Short web captions:
◇ ◇ ◇ ◇

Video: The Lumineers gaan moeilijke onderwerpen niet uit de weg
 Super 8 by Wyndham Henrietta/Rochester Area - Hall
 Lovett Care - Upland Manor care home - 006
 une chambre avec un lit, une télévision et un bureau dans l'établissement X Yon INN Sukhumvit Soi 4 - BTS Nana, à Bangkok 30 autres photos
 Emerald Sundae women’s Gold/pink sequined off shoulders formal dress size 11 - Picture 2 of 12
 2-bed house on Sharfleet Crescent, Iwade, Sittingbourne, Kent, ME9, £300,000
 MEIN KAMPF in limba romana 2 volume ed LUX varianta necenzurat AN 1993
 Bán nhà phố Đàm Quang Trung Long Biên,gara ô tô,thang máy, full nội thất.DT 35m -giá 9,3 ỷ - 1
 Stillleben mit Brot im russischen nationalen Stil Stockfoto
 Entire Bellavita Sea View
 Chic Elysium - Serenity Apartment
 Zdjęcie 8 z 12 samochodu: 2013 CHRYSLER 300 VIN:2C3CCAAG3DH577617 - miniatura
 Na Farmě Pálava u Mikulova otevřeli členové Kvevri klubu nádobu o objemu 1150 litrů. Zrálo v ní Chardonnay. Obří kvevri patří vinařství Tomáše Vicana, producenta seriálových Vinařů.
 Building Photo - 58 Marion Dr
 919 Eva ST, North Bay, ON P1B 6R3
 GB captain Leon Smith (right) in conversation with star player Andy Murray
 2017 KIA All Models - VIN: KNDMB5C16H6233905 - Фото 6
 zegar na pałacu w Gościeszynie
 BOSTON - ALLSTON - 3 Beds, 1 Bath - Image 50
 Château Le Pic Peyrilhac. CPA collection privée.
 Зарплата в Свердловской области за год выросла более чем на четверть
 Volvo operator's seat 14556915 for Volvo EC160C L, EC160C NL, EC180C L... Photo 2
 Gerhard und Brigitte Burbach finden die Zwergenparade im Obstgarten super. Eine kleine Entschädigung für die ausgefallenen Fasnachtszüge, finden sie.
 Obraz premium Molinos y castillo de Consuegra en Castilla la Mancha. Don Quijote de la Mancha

◇ ◇ ◇ ◇

Instructions for the task: An exact copy of the data, with every line intact, is the required answer.

Answer to the exercise:
Video: The Lumineers gaan moeilijke onderwerpen niet uit de weg
 Super 8 by Wyndham Henrietta/Rochester Area - Hall
 Lovett Care - Upland Manor care home - 006
 une chambre avec un lit, une télévision et un bureau dans l'établissement X Yon INN Sukhumvit Soi 4 - BTS Nana, à Bangkok 30 autres photos
 Emerald Sundae women’s Gold/pink sequined off shoulders formal dress size 11 - Picture 2 of 12
 2-bed house on Sharfleet Crescent, Iwade, Sittingbourne, Kent, ME9, £300,000
 MEIN KAMPF in limba romana 2 volume ed LUX varianta necenzurat AN 1993
 Bán nhà phố Đàm Quang Trung Long Biên,gara ô tô,thang máy, full nội thất.DT 35m -giá 9,3 ỷ - 1
 Stillleben mit Brot im russischen nationalen Stil Stockfoto
 Entire Bellavita Sea View
 Chic Elysium - Serenity Apartment
 Zdjęcie 8 z 12 samochodu: 2013 CHRYSLER 300 VIN:2C3CCAAG3DH577617 - miniatura
 Na Farmě Pálava u Mikulova otevřeli členové Kvevri klubu nádobu o objemu 1150 litrů. Zrálo v ní Chardonnay. Obří kvevri patří vinařství Tomáše Vicana, producenta seriálových Vinařů.
 Building Photo - 58 Marion Dr
 919 Eva ST, North Bay, ON P1B 6R3
 GB captain Leon Smith (right) in conversation with star player Andy Murray
 2017 KIA All Models - VIN: KNDMB5C16H6233905 - Фото 6
 zegar na pałacu w Gościeszynie
 BOSTON - ALLSTON - 3 Beds, 1 Bath - Image 50
 Château Le Pic Peyrilhac. CPA collection privée.
 Зарплата в Свердловской области за год выросла более чем на четверть
 Volvo operator's seat 14556915 for Volvo EC160C L, EC160C NL, EC180C L... Photo 2
 Gerhard und Brigitte Burbach finden die Zwergenparade im Obstgarten super. Eine kleine Entschädigung für die ausgefallenen Fasnachtszüge, finden sie.
 Obraz premium Molinos y castillo de Consuegra en Castilla la Mancha. Don Quijote de la Mancha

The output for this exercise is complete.